Crowding is the most important problem facing Emergency Departments worldwide. In the UK crowding in EDs is worsening. The visible effects are ambulances queuing outside emergency departments, trolleys on corridors within EDs, and long waits in EDs both to be seen and to be transferred out to a ward. The invisible effects are the harm caused to both patients and staff.
"A condition called ‘exit block’ is harming patients: they are put at risk when ‘exit block’ occurs. This happens where you cannot transfer patients from Emergency Departments into a hospital inpatient bed. Exit block is explained in more detail in this video: Exit Block: What it is and why it is dangerous.

Over 500,000 patients a year are affected by exit block. The College of Emergency Medicine says that this is unacceptable.
We are concerned about patient safety. When the A&E becomes crowded because of Exit Block we know that patients do less well. We know that crowding kills. It is simply not acceptable to let this situation continue which is why we are on a mission to urge hospital Chief Executives and their Boards to make sure they have plans to deal with this issue."
"I welcome the publication of this toolkit and strongly advise all those involved in emergency care to read it. This document represents an enormous amount of careful thought, lively debate and hard work by members of the Service Design and Delivery Committee, and previously the authors of the first crowding guideline, which this replaces.

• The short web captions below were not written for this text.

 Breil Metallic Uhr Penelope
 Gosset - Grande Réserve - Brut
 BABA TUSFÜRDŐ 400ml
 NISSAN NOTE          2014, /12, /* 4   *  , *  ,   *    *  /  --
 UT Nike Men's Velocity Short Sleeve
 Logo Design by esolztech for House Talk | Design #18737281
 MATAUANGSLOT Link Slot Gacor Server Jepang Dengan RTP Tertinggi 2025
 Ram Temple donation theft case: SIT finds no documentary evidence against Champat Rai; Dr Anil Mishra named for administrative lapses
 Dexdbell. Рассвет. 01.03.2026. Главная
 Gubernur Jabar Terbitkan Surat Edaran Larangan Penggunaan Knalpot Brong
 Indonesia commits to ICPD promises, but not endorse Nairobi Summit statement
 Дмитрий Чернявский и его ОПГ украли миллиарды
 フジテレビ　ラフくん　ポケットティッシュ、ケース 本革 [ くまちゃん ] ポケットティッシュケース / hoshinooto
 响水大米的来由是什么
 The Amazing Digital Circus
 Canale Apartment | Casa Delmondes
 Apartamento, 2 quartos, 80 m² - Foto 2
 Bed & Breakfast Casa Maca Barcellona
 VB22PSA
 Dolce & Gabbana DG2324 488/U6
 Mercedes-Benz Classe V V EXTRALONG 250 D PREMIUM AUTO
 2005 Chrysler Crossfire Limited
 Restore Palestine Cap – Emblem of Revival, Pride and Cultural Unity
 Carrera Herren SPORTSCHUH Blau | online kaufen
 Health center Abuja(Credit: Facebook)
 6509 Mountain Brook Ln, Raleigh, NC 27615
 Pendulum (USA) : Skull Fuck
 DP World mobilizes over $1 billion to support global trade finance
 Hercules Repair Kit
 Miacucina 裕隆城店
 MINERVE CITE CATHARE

Exit block and the consequential emergency department crowding is the single most important issue affecting our patients and staff today. This document explains why emergency department crowding is of such significance and makes several important and achievable recommendations. It cannot be emphasised enough that resolving emergency department crowding is the collective responsibility of the entire health care system. Emergency Department crowding is not inevitable and this toolkit shows how to reduce the associated harm."